Discrepant Gram stain results can occur for a number of reasons. Positive Gram stains with negative culture results could be due to fastidious or nonviable organisms and failure to order appropriate testing, such as anaerobe cultures. False-negative Gram stains could occur due to inadequate specimen or smear preparation or failure to examine an adequate number of fields. In addition, training and maintenance of proficiency for Gram staining remain challenging (5, 20). The consolidation of clinical microbiology laboratories has left many community hospitals with limited laboratory capacity. Gram stains are often read by generalists with limited training and proficiency in microbiology, which has an adverse impact on the quality of results (5, 7). The lack of reproducibility of Gram stain results, particularly with respiratory specimens, has also led some to question its utility (2, 4, 21). Studies have shown that errors occur and can have significant adverse clinical impacts (3, 6, 22). The College of American Pathology (CAP) does recommend that laboratories correlate Gram stain results with culture results, but they have not specified how this should happen. Despite its importance in the clinical decision-making process, there are no comprehensive data available regarding the incidence of errors in the performance and interpretation of Gram stains. Smaller studies have only examined specific specimen types within single institutions, but laboratories seeking to benchmark their performance against peer institutions will struggle to find appropriate measures. We have evaluated Gram stain performance for a subset of specimens submitted as part of routine patient care across four different clinical microbiology laboratories at large tertiary care centers, using standardized criteria in order to generate data that could potentially be used to set a benchmark for acceptable standards for Gram stain performance and to identify key areas for improvement.

MATERIALS AND METHODS

The study included four full-service microbiology laboratories at tertiary care institutions and state medical centers with diverse patient populations. The annual bacterial culture volume of the participating laboratories ranged from 90,000 to 300,000. During the course of the study, participant laboratories prospectively screened smear/culture results for all nonblood specimens that had a Gram stain performed as part of routine culture. This included respiratory, fluid, biopsy tissue, and wound sample cultures. Specimens not included were urine cultures that did not receive routine Gram stains and fluid cultures that were inoculated directly to blood culture bottles without culture plates to allow for quantitation of growth. Screening was performed either by manual review or the use of automated laboratory information system (LIS) reports. While the study took place in 2014, the actual duration of study and time of performance varied between sites due to limitations of staffing and varied test volumes between sites.

Selection criteria.

Data from review of ∼42,000 culture results at one of the participating sites (R. Cavagnolo, personal communication) indicated a 94% correlation between culture and Gram stain results for nonblood specimens with positive cultures showing moderate/many (3+/4+) colonies in routine aerobic cultures. The relatively high correlation between Gram stain and culture results in this subset made it ideal for screening for discrepant results. In contrast, data from the same site showed that specimens with few (2+) colonies on culture only had 76% correlation with Gram stain results, while specimens with rare (1+) colonies on culture had 29% correlation with Gram stain results.
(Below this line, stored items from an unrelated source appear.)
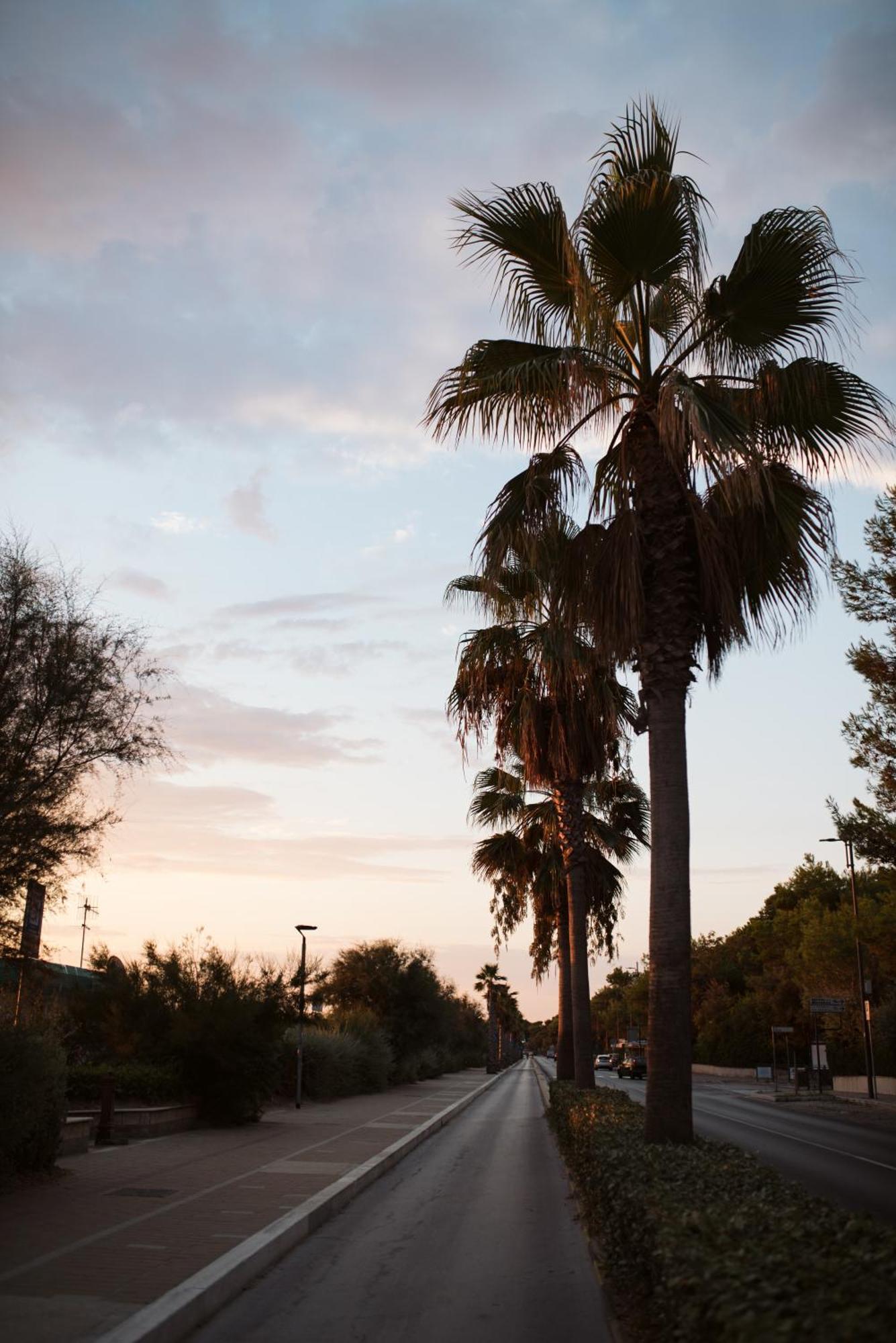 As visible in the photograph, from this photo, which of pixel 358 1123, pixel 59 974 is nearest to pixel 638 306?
pixel 59 974

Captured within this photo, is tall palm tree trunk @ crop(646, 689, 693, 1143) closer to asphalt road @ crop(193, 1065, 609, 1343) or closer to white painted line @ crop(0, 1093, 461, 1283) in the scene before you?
asphalt road @ crop(193, 1065, 609, 1343)

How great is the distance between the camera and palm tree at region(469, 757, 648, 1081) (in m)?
26.2

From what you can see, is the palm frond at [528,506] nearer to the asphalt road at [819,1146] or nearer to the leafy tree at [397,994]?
the asphalt road at [819,1146]

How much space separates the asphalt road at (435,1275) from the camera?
278 inches

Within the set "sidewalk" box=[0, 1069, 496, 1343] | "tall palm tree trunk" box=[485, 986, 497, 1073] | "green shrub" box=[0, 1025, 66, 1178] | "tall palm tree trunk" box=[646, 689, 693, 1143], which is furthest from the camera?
"tall palm tree trunk" box=[485, 986, 497, 1073]

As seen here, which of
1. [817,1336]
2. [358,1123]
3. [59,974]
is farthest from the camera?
[358,1123]

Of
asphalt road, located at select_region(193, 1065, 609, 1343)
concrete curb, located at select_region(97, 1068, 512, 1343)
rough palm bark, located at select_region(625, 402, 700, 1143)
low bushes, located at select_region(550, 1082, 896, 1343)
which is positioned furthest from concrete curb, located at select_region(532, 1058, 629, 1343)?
concrete curb, located at select_region(97, 1068, 512, 1343)

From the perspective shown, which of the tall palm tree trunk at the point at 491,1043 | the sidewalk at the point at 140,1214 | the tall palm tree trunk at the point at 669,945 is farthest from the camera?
the tall palm tree trunk at the point at 491,1043

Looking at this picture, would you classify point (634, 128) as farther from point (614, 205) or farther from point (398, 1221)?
point (398, 1221)

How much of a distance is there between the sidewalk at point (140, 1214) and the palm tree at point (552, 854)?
8258mm

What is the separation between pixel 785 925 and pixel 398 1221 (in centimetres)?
6720

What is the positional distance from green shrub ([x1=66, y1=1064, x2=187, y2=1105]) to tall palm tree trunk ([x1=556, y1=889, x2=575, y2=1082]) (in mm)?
10811

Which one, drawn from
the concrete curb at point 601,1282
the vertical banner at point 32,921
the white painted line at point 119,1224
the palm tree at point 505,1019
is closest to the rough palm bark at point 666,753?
the concrete curb at point 601,1282

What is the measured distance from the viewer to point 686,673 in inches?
403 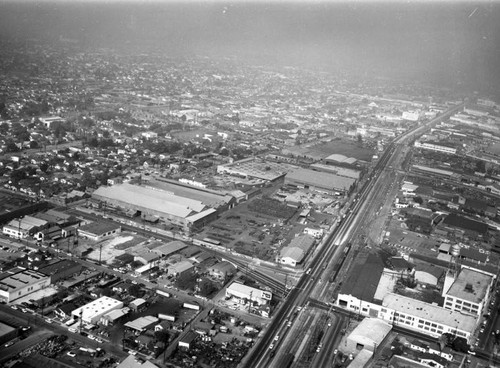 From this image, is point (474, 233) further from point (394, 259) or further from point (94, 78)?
point (94, 78)

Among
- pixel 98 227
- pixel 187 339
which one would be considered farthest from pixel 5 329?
pixel 98 227

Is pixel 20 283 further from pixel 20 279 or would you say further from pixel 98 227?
pixel 98 227

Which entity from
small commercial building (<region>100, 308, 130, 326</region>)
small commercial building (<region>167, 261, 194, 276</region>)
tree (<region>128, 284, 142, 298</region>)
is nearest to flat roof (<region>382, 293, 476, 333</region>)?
small commercial building (<region>167, 261, 194, 276</region>)

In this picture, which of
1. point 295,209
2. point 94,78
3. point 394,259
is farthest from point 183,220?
point 94,78

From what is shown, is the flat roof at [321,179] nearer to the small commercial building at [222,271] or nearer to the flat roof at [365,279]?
the flat roof at [365,279]

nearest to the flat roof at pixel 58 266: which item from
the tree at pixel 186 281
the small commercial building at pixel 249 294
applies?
the tree at pixel 186 281

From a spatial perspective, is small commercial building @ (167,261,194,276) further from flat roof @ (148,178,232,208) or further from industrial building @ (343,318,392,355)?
flat roof @ (148,178,232,208) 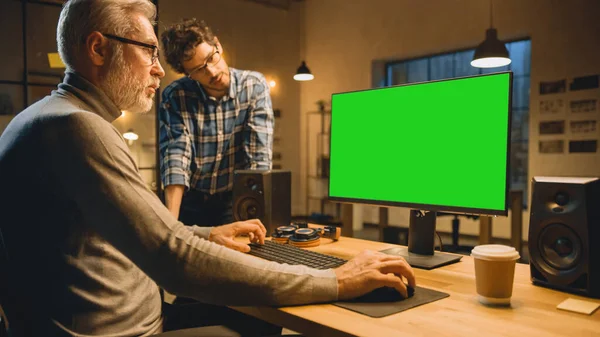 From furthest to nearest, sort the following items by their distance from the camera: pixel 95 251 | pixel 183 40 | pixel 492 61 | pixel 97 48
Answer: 1. pixel 492 61
2. pixel 183 40
3. pixel 97 48
4. pixel 95 251

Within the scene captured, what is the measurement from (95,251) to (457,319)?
710 millimetres

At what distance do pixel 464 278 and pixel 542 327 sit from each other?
334mm

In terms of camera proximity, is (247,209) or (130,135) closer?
(247,209)

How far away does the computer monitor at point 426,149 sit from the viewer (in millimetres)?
1174

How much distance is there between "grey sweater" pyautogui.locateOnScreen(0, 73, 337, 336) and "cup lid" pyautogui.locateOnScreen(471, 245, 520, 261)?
30cm

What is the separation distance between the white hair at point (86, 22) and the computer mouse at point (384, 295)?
2.53ft

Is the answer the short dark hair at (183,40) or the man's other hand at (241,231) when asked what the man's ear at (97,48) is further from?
the short dark hair at (183,40)

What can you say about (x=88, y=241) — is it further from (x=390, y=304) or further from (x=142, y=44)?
(x=390, y=304)

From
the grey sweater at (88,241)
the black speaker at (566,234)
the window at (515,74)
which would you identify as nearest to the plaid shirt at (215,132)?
the grey sweater at (88,241)

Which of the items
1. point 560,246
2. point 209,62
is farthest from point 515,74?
point 560,246

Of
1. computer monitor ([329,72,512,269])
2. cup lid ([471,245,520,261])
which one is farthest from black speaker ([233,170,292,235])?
cup lid ([471,245,520,261])

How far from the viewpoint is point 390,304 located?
0.96 m

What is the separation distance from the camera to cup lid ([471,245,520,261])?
960 millimetres

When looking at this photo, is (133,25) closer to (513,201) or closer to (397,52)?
(513,201) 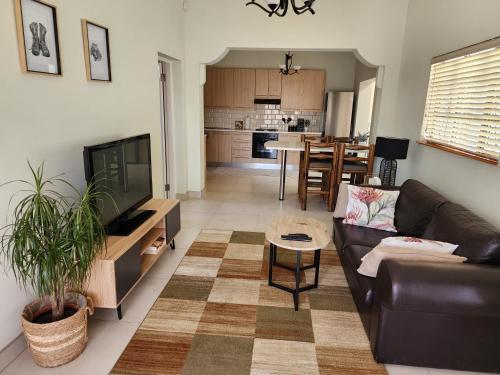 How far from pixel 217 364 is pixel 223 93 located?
672cm

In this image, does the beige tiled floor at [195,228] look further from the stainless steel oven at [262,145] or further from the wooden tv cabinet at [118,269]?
the stainless steel oven at [262,145]

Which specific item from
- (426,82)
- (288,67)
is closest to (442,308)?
(426,82)

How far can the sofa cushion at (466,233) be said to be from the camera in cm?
194

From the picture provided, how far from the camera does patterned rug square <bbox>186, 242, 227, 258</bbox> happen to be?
11.0 ft

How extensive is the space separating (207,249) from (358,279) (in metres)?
1.68

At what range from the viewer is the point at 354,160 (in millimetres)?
4711

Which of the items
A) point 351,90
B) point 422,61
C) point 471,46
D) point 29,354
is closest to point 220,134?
point 351,90

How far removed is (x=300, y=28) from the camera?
182 inches

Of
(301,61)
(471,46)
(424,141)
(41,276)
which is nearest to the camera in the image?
(41,276)

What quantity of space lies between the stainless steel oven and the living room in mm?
3032

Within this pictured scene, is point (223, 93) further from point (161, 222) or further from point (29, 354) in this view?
point (29, 354)

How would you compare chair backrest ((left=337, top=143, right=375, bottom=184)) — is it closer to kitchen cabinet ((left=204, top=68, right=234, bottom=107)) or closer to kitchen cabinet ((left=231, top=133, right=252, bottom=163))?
kitchen cabinet ((left=231, top=133, right=252, bottom=163))

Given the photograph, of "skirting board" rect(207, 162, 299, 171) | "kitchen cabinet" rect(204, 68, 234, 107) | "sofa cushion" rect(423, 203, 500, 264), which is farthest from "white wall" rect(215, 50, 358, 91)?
"sofa cushion" rect(423, 203, 500, 264)

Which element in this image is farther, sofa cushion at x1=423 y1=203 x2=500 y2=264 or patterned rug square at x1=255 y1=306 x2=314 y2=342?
patterned rug square at x1=255 y1=306 x2=314 y2=342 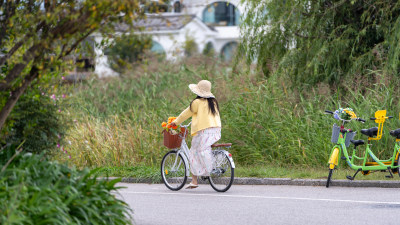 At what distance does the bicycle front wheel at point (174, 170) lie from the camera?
11336mm

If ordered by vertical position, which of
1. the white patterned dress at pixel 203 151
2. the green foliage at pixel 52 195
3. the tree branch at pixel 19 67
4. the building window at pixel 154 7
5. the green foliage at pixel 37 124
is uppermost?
the building window at pixel 154 7

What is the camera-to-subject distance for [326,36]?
52.0 feet

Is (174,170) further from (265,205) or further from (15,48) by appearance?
(15,48)

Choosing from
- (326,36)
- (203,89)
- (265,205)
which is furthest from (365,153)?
(326,36)

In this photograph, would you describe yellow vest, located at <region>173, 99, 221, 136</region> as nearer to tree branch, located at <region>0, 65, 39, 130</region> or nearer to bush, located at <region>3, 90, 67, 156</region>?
bush, located at <region>3, 90, 67, 156</region>

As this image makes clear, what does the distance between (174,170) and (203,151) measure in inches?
39.4

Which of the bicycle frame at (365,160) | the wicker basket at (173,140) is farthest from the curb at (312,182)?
the wicker basket at (173,140)

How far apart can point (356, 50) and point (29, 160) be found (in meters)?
10.7

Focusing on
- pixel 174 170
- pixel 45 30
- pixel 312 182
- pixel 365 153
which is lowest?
pixel 312 182

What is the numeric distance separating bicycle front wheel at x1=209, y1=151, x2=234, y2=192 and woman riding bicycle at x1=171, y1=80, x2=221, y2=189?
0.59ft

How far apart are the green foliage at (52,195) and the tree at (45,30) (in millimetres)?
589

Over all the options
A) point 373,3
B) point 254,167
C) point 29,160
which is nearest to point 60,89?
point 29,160

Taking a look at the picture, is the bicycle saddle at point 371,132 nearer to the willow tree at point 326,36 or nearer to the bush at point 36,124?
the willow tree at point 326,36

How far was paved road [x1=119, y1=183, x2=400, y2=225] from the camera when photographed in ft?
26.9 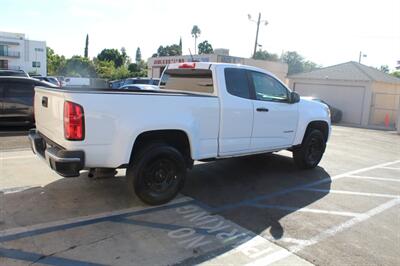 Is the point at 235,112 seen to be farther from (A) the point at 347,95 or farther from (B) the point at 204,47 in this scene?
(B) the point at 204,47

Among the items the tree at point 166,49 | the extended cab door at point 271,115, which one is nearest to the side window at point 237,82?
the extended cab door at point 271,115

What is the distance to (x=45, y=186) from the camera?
582 centimetres

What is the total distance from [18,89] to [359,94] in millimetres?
20574

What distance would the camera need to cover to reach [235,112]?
587 centimetres

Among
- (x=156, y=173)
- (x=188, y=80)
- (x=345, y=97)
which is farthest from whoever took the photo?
(x=345, y=97)

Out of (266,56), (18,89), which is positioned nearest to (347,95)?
(18,89)

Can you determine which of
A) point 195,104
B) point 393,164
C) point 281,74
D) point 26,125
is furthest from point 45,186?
point 281,74

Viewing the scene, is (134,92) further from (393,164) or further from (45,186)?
(393,164)

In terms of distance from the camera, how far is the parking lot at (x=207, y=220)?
3904 mm

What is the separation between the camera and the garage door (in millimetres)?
24219

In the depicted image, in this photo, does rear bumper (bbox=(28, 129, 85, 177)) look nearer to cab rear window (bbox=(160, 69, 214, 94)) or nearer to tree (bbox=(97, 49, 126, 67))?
cab rear window (bbox=(160, 69, 214, 94))

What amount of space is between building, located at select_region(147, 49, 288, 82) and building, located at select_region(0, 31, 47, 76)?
50.3 metres

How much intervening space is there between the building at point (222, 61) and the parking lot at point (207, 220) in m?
22.7

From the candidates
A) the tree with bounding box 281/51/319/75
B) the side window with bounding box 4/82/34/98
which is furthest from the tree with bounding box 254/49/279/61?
the side window with bounding box 4/82/34/98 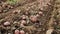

Results were considered discrepant and flagged for review if specimens had Gram stain and culture results that fit the following criteria: (i) culture demonstrated moderate/many colonies of a particular organism but Gram stain was negative for an organism with corresponding morphology/stain characteristics, or (ii) Gram stain showed moderate/many bacteria but culture was negative for growth of a corresponding organism.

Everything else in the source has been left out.